Problem
Restate the records in full, so that each line matches the original exactly.

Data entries
**********

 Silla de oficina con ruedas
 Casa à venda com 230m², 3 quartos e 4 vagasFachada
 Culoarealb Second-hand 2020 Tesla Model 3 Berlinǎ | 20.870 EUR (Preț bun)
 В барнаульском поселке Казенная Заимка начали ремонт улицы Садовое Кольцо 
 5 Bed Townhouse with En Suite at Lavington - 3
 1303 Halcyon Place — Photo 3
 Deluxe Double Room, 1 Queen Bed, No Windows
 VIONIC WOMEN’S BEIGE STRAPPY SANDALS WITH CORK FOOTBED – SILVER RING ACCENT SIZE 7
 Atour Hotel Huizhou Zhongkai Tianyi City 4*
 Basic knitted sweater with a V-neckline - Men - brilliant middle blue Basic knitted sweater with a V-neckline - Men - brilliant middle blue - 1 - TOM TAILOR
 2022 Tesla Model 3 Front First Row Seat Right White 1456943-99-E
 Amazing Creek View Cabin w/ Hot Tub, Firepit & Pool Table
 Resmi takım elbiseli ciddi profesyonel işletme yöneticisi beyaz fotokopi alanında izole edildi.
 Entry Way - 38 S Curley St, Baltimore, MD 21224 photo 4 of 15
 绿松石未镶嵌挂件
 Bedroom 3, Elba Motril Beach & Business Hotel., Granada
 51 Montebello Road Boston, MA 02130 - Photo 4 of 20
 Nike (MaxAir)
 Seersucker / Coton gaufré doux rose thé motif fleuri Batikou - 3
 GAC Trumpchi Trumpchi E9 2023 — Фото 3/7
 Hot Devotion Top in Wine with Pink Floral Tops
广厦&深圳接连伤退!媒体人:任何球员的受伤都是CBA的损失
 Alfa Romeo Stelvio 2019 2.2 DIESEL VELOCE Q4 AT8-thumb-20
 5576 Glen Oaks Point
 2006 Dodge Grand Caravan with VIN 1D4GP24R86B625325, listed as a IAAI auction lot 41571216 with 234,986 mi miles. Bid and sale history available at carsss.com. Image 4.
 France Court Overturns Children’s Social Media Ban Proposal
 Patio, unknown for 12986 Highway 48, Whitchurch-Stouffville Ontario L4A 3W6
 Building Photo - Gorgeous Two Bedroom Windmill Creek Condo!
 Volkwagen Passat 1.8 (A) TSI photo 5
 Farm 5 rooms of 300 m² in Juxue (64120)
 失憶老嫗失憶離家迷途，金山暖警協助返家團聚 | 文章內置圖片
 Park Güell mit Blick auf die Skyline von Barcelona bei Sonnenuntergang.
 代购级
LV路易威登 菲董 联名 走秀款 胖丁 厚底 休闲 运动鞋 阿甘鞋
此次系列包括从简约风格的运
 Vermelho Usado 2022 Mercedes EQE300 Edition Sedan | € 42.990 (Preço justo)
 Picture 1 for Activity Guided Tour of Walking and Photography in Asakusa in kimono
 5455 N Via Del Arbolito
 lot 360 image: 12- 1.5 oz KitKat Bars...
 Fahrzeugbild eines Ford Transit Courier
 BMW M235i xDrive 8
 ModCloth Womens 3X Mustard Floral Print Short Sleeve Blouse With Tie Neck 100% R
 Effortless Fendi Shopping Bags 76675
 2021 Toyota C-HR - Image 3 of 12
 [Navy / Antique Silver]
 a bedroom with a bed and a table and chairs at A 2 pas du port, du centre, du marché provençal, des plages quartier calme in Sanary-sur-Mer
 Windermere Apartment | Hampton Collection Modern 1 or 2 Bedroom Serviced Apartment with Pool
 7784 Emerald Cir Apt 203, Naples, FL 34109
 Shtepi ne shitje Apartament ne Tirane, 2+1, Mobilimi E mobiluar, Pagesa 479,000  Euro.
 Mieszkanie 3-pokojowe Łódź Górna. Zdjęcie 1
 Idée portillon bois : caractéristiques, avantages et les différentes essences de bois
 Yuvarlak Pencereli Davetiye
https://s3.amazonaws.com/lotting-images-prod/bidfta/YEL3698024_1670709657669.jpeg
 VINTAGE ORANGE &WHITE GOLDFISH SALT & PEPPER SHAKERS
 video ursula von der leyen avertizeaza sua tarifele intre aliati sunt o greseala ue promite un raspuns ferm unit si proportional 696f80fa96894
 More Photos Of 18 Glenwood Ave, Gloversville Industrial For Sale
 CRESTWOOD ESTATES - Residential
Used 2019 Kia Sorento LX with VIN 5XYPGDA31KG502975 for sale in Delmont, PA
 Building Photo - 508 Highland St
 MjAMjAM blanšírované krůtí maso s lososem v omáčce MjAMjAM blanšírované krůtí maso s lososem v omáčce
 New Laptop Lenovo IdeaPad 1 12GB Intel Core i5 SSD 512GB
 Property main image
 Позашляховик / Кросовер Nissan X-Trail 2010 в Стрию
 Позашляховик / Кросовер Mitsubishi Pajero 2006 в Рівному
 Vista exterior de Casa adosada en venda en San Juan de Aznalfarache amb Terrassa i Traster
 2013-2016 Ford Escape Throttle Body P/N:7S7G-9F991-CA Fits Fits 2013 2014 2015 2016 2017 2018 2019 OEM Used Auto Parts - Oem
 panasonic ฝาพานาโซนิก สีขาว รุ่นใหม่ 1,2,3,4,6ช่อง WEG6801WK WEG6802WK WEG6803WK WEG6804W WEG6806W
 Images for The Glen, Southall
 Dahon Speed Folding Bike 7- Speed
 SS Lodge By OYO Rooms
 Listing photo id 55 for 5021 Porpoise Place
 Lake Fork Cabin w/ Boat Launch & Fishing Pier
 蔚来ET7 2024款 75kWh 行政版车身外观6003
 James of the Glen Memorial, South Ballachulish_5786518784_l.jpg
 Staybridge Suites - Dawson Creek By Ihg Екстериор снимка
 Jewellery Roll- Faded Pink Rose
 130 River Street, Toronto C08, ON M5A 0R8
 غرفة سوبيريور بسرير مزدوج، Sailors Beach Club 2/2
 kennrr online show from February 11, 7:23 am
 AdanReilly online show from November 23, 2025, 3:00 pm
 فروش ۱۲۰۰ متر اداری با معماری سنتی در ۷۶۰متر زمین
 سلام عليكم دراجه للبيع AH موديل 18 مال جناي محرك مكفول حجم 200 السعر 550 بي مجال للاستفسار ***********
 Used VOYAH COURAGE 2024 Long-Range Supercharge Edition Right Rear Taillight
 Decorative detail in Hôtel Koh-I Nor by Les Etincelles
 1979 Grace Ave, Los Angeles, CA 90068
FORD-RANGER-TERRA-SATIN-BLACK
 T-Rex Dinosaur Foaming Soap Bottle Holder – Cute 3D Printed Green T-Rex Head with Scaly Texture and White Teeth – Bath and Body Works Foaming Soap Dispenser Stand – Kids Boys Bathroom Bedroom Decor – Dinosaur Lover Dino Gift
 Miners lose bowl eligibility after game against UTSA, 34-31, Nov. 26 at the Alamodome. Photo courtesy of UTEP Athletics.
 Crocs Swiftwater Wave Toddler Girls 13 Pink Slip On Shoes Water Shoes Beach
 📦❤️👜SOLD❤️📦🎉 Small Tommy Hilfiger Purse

**********

Response area
 Silla de oficina con ruedas
 Casa à venda com 230m², 3 quartos e 4 vagasFachada
 Culoarealb Second-hand 2020 Tesla Model 3 Berlinǎ | 20.870 EUR (Preț bun)
 В барнаульском поселке Казенная Заимка начали ремонт улицы Садовое Кольцо 
 5 Bed Townhouse with En Suite at Lavington - 3
 1303 Halcyon Place — Photo 3
 Deluxe Double Room, 1 Queen Bed, No Windows
 VIONIC WOMEN’S BEIGE STRAPPY SANDALS WITH CORK FOOTBED – SILVER RING ACCENT SIZE 7
 Atour Hotel Huizhou Zhongkai Tianyi City 4*
 Basic knitted sweater with a V-neckline - Men - brilliant middle blue Basic knitted sweater with a V-neckline - Men - brilliant middle blue - 1 - TOM TAILOR
 2022 Tesla Model 3 Front First Row Seat Right White 1456943-99-E
 Amazing Creek View Cabin w/ Hot Tub, Firepit & Pool Table
 Resmi takım elbiseli ciddi profesyonel işletme yöneticisi beyaz fotokopi alanında izole edildi.
 Entry Way - 38 S Curley St, Baltimore, MD 21224 photo 4 of 15
 绿松石未镶嵌挂件
 Bedroom 3, Elba Motril Beach & Business Hotel., Granada
 51 Montebello Road Boston, MA 02130 - Photo 4 of 20
 Nike (MaxAir)
 Seersucker / Coton gaufré doux rose thé motif fleuri Batikou - 3
 GAC Trumpchi Trumpchi E9 2023 — Фото 3/7
 Hot Devotion Top in Wine with Pink Floral Tops
广厦&深圳接连伤退!媒体人:任何球员的受伤都是CBA的损失
 Alfa Romeo Stelvio 2019 2.2 DIESEL VELOCE Q4 AT8-thumb-20
 5576 Glen Oaks Point
 2006 Dodge Grand Caravan with VIN 1D4GP24R86B625325, listed as a IAAI auction lot 41571216 with 234,986 mi miles. Bid and sale history available at carsss.com. Image 4.
 France Court Overturns Children’s Social Media Ban Proposal
 Patio, unknown for 12986 Highway 48, Whitchurch-Stouffville Ontario L4A 3W6
 Building Photo - Gorgeous Two Bedroom Windmill Creek Condo!
 Volkwagen Passat 1.8 (A) TSI photo 5
 Farm 5 rooms of 300 m² in Juxue (64120)
 失憶老嫗失憶離家迷途，金山暖警協助返家團聚 | 文章內置圖片
 Park Güell mit Blick auf die Skyline von Barcelona bei Sonnenuntergang.
 代购级
LV路易威登 菲董 联名 走秀款 胖丁 厚底 休闲 运动鞋 阿甘鞋
此次系列包括从简约风格的运
 Vermelho Usado 2022 Mercedes EQE300 Edition Sedan | € 42.990 (Preço justo)
 Picture 1 for Activity Guided Tour of Walking and Photography in Asakusa in kimono
 5455 N Via Del Arbolito
 lot 360 image: 12- 1.5 oz KitKat Bars...
 Fahrzeugbild eines Ford Transit Courier
 BMW M235i xDrive 8
 ModCloth Womens 3X Mustard Floral Print Short Sleeve Blouse With Tie Neck 100% R
 Effortless Fendi Shopping Bags 76675
 2021 Toyota C-HR - Image 3 of 12
 [Navy / Antique Silver]
 a bedroom with a bed and a table and chairs at A 2 pas du port, du centre, du marché provençal, des plages quartier calme in Sanary-sur-Mer
 Windermere Apartment | Hampton Collection Modern 1 or 2 Bedroom Serviced Apartment with Pool
 7784 Emerald Cir Apt 203, Naples, FL 34109
 Shtepi ne shitje Apartament ne Tirane, 2+1, Mobilimi E mobiluar, Pagesa 479,000  Euro.
 Mieszkanie 3-pokojowe Łódź Górna. Zdjęcie 1
 Idée portillon bois : caractéristiques, avantages et les différentes essences de bois
 Yuvarlak Pencereli Davetiye
https://s3.amazonaws.com/lotting-images-prod/bidfta/YEL3698024_1670709657669.jpeg
 VINTAGE ORANGE &WHITE GOLDFISH SALT & PEPPER SHAKERS
 video ursula von der leyen avertizeaza sua tarifele intre aliati sunt o greseala ue promite un raspuns ferm unit si proportional 696f80fa96894
 More Photos Of 18 Glenwood Ave, Gloversville Industrial For Sale
 CRESTWOOD ESTATES - Residential
Used 2019 Kia Sorento LX with VIN 5XYPGDA31KG502975 for sale in Delmont, PA
 Building Photo - 508 Highland St
 MjAMjAM blanšírované krůtí maso s lososem v omáčce MjAMjAM blanšírované krůtí maso s lososem v omáčce
 New Laptop Lenovo IdeaPad 1 12GB Intel Core i5 SSD 512GB
 Property main image
 Позашляховик / Кросовер Nissan X-Trail 2010 в Стрию
 Позашляховик / Кросовер Mitsubishi Pajero 2006 в Рівному
 Vista exterior de Casa adosada en venda en San Juan de Aznalfarache amb Terrassa i Traster
 2013-2016 Ford Escape Throttle Body P/N:7S7G-9F991-CA Fits Fits 2013 2014 2015 2016 2017 2018 2019 OEM Used Auto Parts - Oem
 panasonic ฝาพานาโซนิก สีขาว รุ่นใหม่ 1,2,3,4,6ช่อง WEG6801WK WEG6802WK WEG6803WK WEG6804W WEG6806W
 Images for The Glen, Southall
 Dahon Speed Folding Bike 7- Speed
 SS Lodge By OYO Rooms
 Listing photo id 55 for 5021 Porpoise Place
 Lake Fork Cabin w/ Boat Launch & Fishing Pier
 蔚来ET7 2024款 75kWh 行政版车身外观6003
 James of the Glen Memorial, South Ballachulish_5786518784_l.jpg
 Staybridge Suites - Dawson Creek By Ihg Екстериор снимка
 Jewellery Roll- Faded Pink Rose
 130 River Street, Toronto C08, ON M5A 0R8
 غرفة سوبيريور بسرير مزدوج، Sailors Beach Club 2/2
 kennrr online show from February 11, 7:23 am
 AdanReilly online show from November 23, 2025, 3:00 pm
 فروش ۱۲۰۰ متر اداری با معماری سنتی در ۷۶۰متر زمین
 سلام عليكم دراجه للبيع AH موديل 18 مال جناي محرك مكفول حجم 200 السعر 550 بي مجال للاستفسار ***********
 Used VOYAH COURAGE 2024 Long-Range Supercharge Edition Right Rear Taillight
 Decorative detail in Hôtel Koh-I Nor by Les Etincelles
 1979 Grace Ave, Los Angeles, CA 90068
FORD-RANGER-TERRA-SATIN-BLACK
 T-Rex Dinosaur Foaming Soap Bottle Holder – Cute 3D Printed Green T-Rex Head with Scaly Texture and White Teeth – Bath and Body Works Foaming Soap Dispenser Stand – Kids Boys Bathroom Bedroom Decor – Dinosaur Lover Dino Gift
 Miners lose bowl eligibility after game against UTSA, 34-31, Nov. 26 at the Alamodome. Photo courtesy of UTEP Athletics.
 Crocs Swiftwater Wave Toddler Girls 13 Pink Slip On Shoes Water Shoes Beach
 📦❤️👜SOLD❤️📦🎉 Small Tommy Hilfiger Purse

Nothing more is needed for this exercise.